* EXERCISE DESCRIPTION
Write the listing out again word for word. Pictures do not belong in the copy.

* WORKING DATA
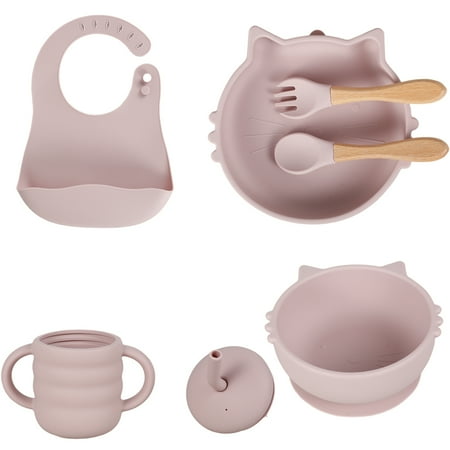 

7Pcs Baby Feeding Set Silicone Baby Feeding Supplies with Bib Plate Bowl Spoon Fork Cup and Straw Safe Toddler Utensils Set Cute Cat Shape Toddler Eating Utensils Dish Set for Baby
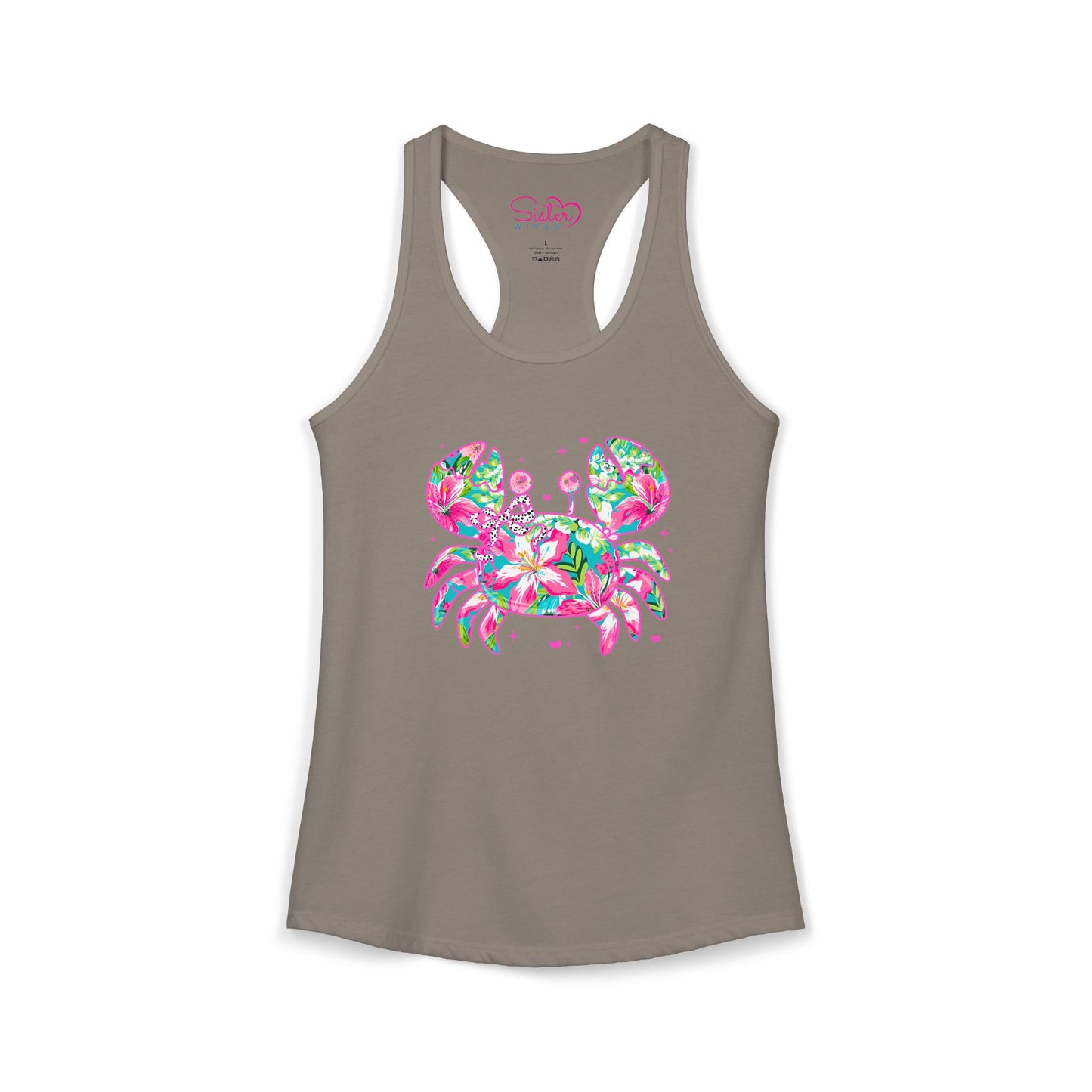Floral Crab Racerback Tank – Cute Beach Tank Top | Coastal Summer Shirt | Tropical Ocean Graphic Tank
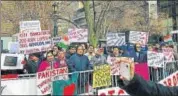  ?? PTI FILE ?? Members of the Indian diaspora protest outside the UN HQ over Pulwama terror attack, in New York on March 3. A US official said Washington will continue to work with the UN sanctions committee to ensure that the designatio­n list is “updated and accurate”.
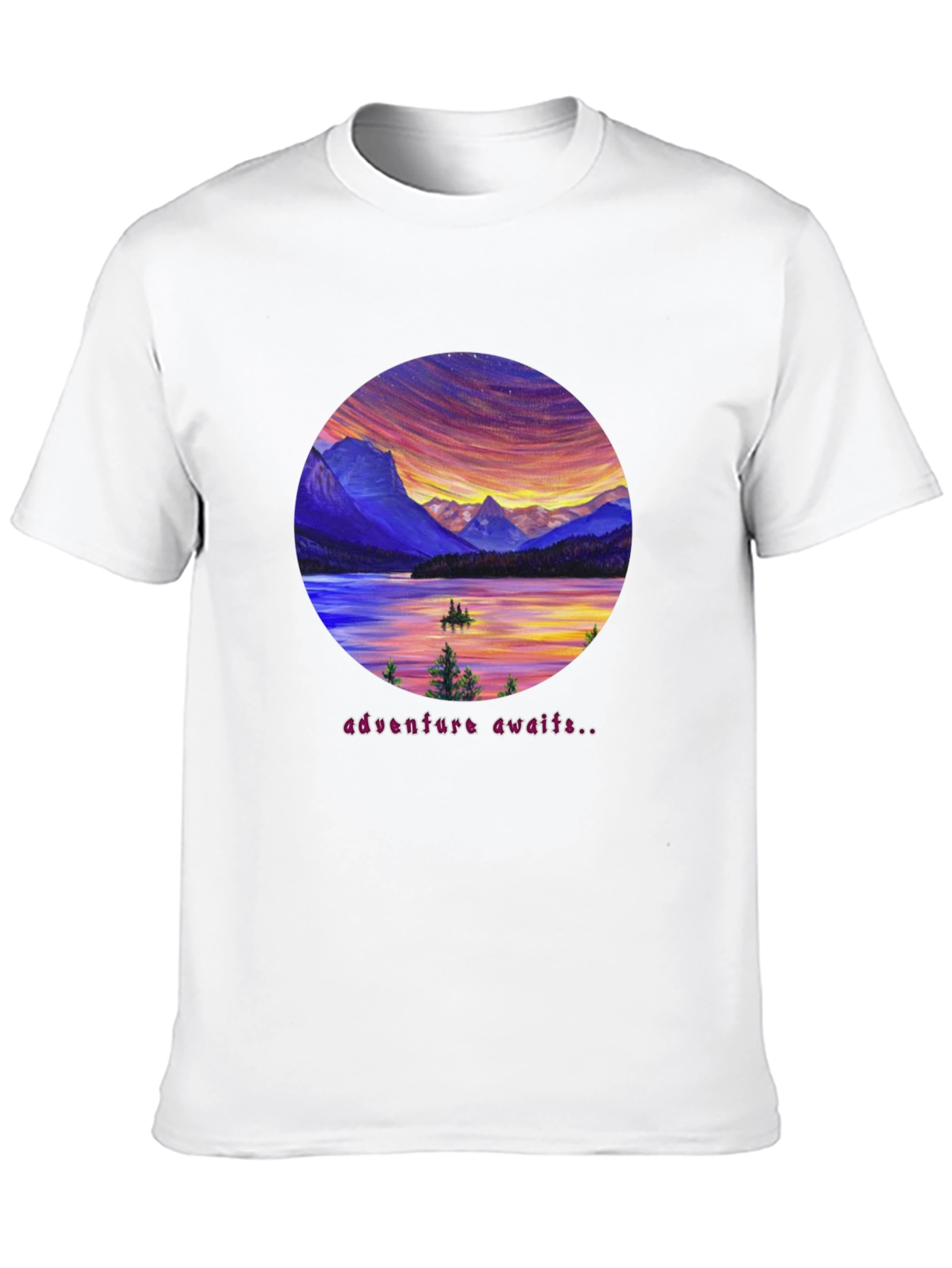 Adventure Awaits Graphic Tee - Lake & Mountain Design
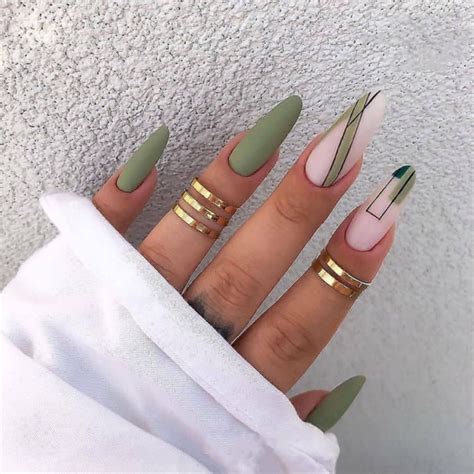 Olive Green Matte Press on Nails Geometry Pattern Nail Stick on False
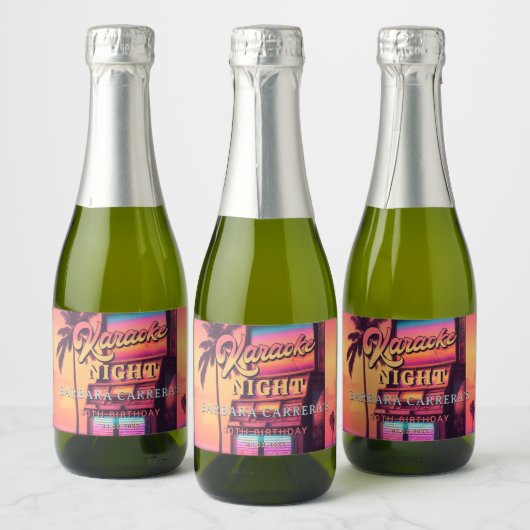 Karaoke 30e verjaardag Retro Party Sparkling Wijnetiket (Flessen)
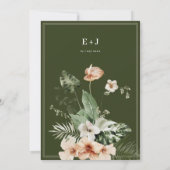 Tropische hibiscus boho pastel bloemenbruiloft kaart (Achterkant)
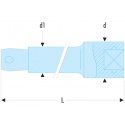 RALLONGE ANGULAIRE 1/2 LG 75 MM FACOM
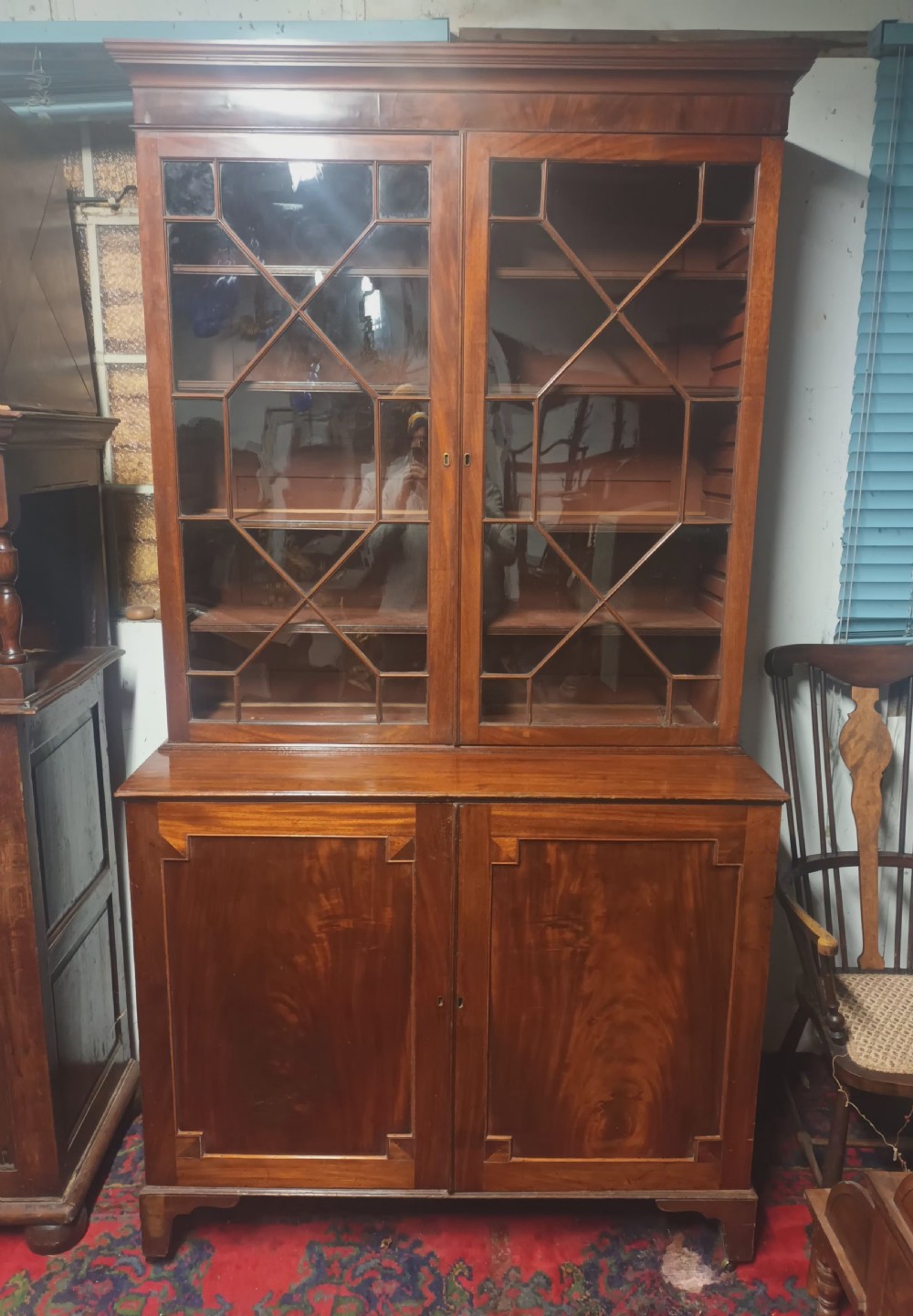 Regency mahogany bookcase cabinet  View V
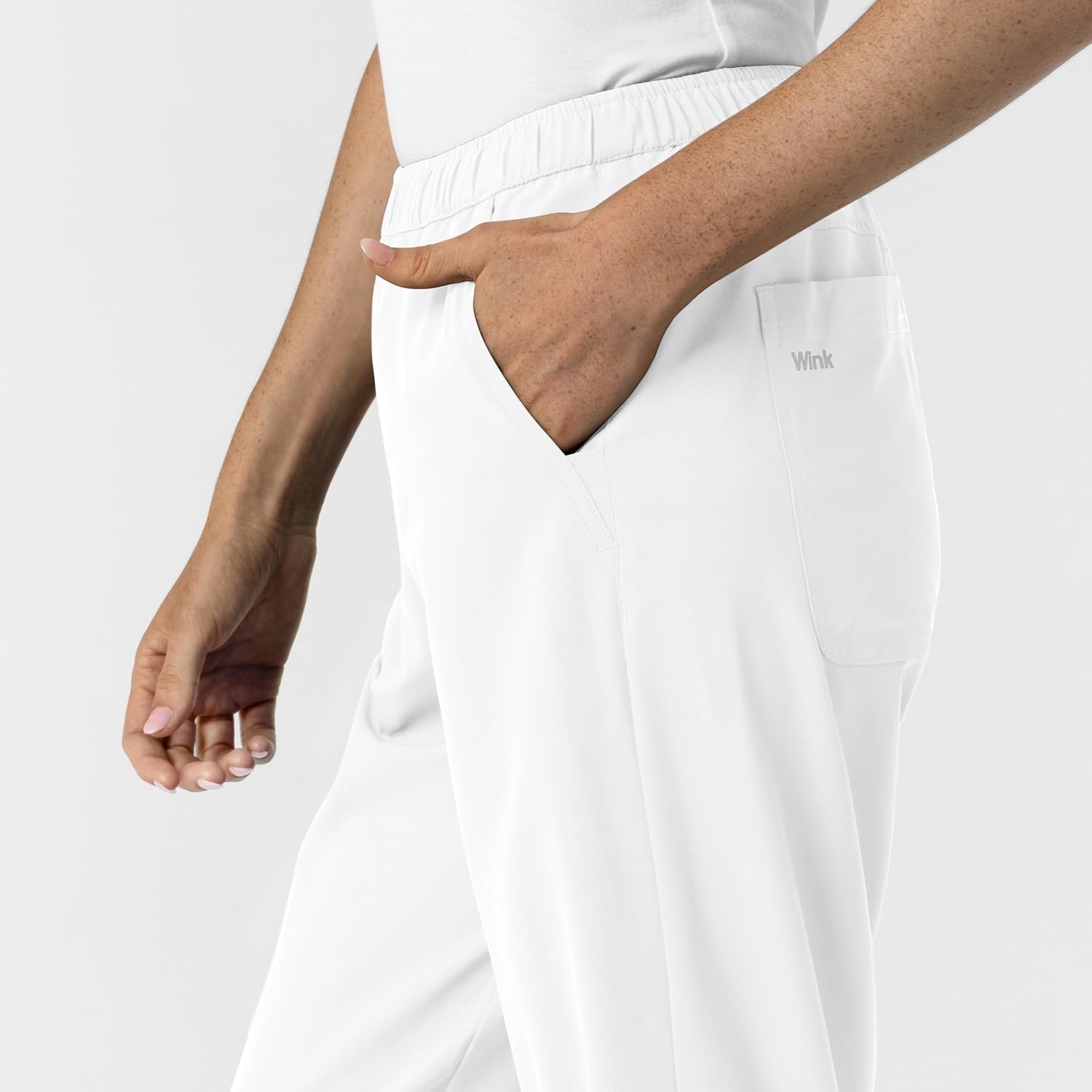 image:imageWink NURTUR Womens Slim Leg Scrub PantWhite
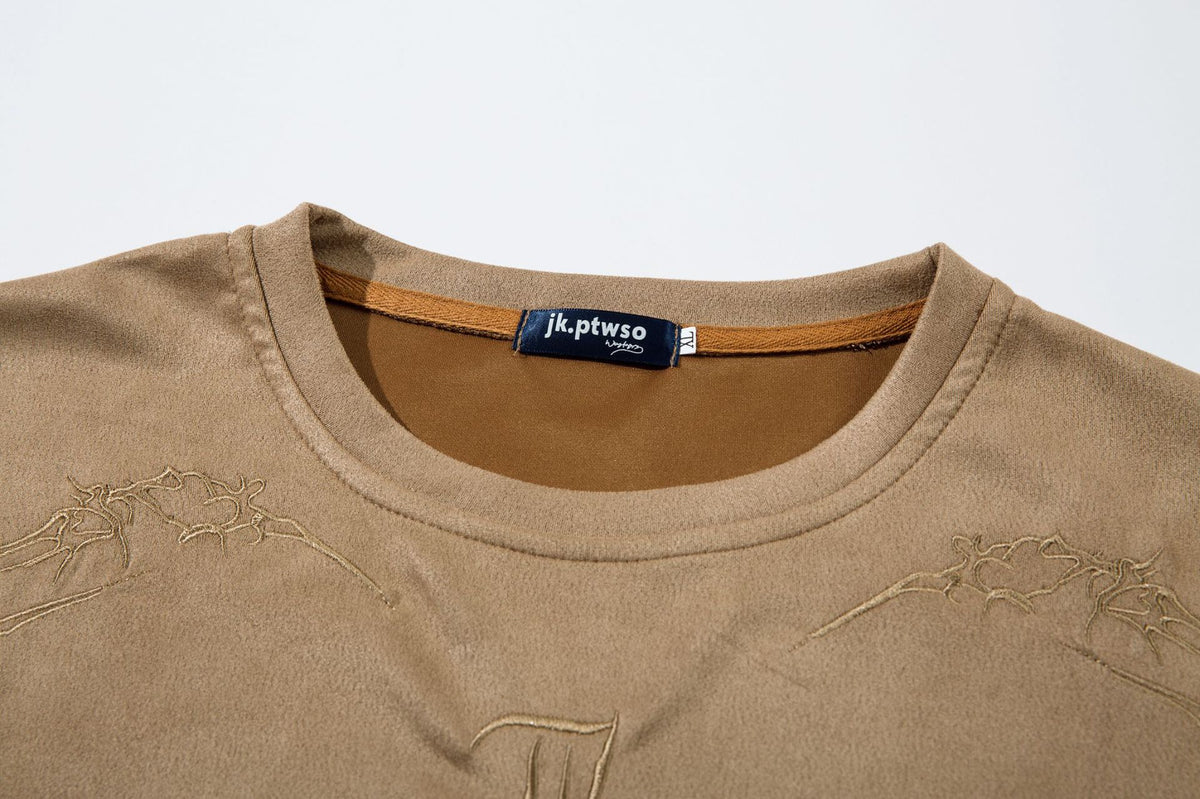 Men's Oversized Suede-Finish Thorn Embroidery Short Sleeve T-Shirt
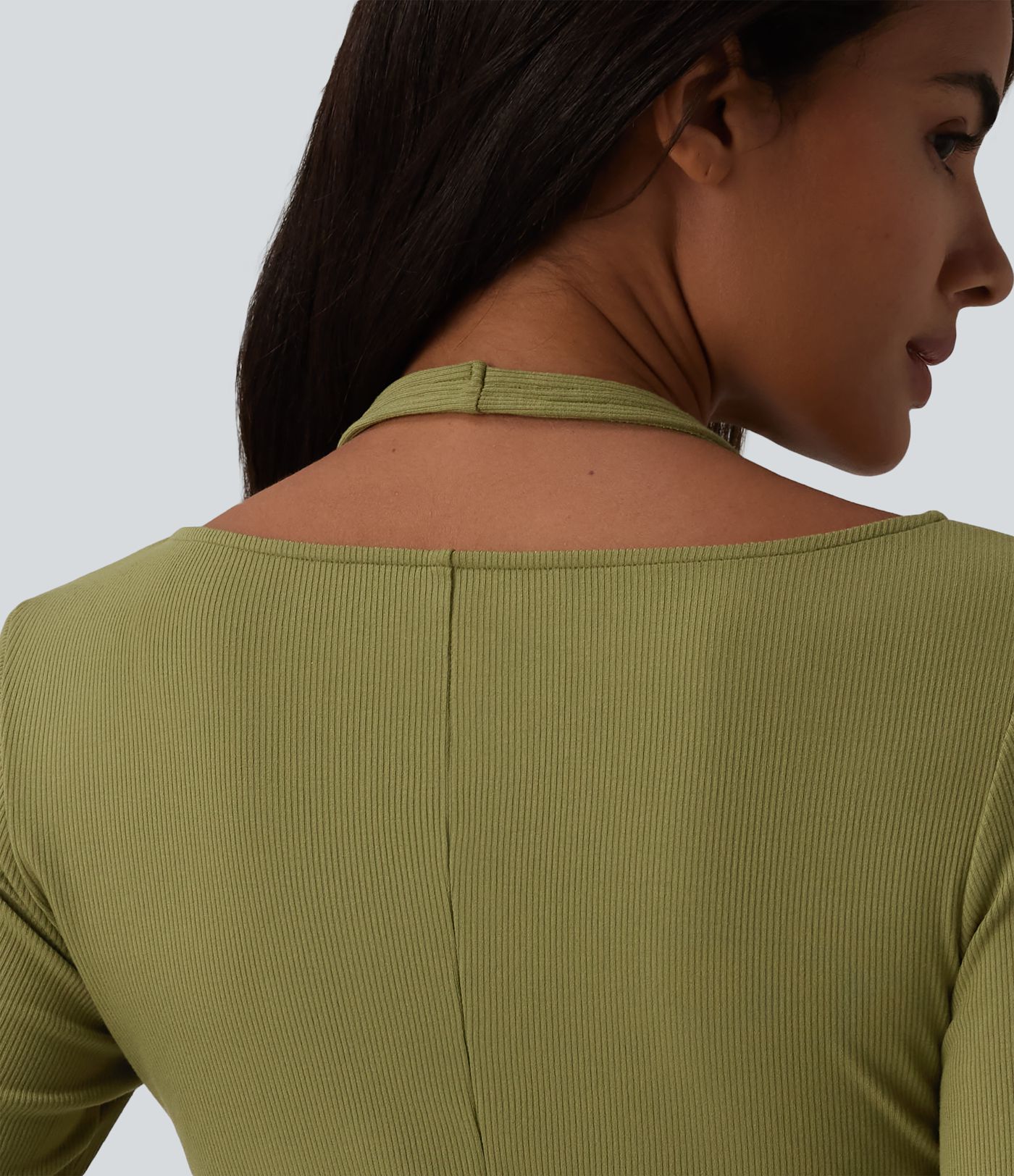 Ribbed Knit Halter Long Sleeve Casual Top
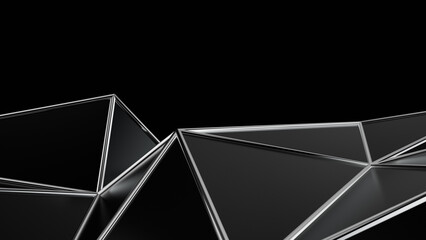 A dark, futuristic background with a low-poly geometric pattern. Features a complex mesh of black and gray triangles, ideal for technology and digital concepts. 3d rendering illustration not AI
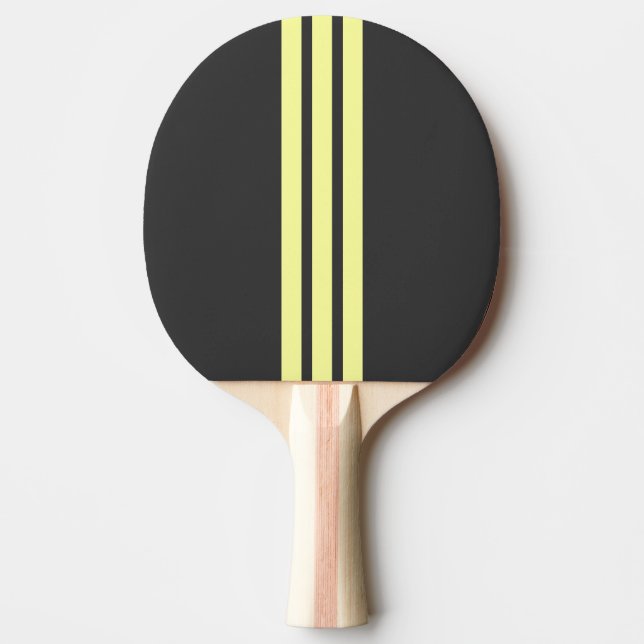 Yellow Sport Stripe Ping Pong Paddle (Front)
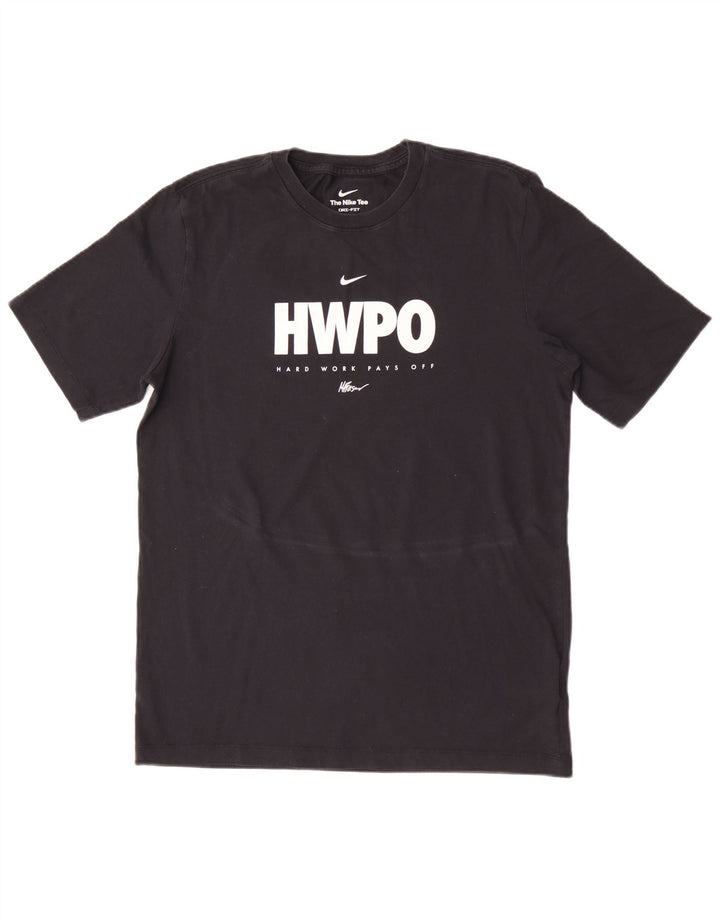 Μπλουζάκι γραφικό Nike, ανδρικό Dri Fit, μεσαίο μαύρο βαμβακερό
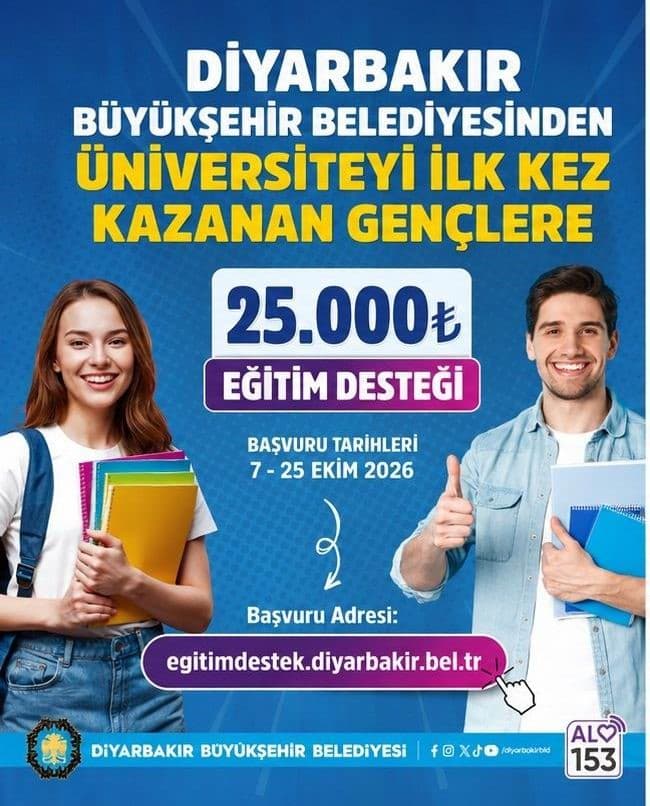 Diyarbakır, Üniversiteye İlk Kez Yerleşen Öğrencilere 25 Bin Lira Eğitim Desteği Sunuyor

* FINISHED TASK
7Pcs Baby Feeding Set Silicone Baby Feeding Supplies with Bib Plate Bowl Spoon Fork Cup and Straw Safe Toddler Utensils Set Cute Cat Shape Toddler Eating Utensils Dish Set for Baby
Floral Crab Racerback Tank – Cute Beach Tank Top | Coastal Summer Shirt | Tropical Ocean Graphic Tank
  ?? PTI FILE ?? Members of the Indian diaspora protest outside the UN HQ over Pulwama terror attack, in New York on March 3. A US official said Washington will continue to work with the UN sanctions committee to ensure that the designatio­n list is “updated and accurate”.
 Adventure Awaits Graphic Tee - Lake & Mountain Design
 Olive Green Matte Press on Nails Geometry Pattern Nail Stick on False
 Karaoke 30e verjaardag Retro Party Sparkling Wijnetiket (Flessen)
 Tropische hibiscus boho pastel bloemenbruiloft kaart (Achterkant)
 RALLONGE ANGULAIRE 1/2 LG 75 MM FACOM
 Regency mahogany bookcase cabinet  View V
 image:imageWink NURTUR Womens Slim Leg Scrub PantWhite
 Men's Oversized Suede-Finish Thorn Embroidery Short Sleeve T-Shirt
 Ribbed Knit Halter Long Sleeve Casual Top
 A dark, futuristic background with a low-poly geometric pattern. Features a complex mesh of black and gray triangles, ideal for technology and digital concepts. 3d rendering illustration not AI
 Yellow Sport Stripe Ping Pong Paddle (Front)
 Μπλουζάκι γραφικό Nike, ανδρικό Dri Fit, μεσαίο μαύρο βαμβακερό
 Diyarbakır, Üniversiteye İlk Kez Yerleşen Öğrencilere 25 Bin Lira Eğitim Desteği Sunuyor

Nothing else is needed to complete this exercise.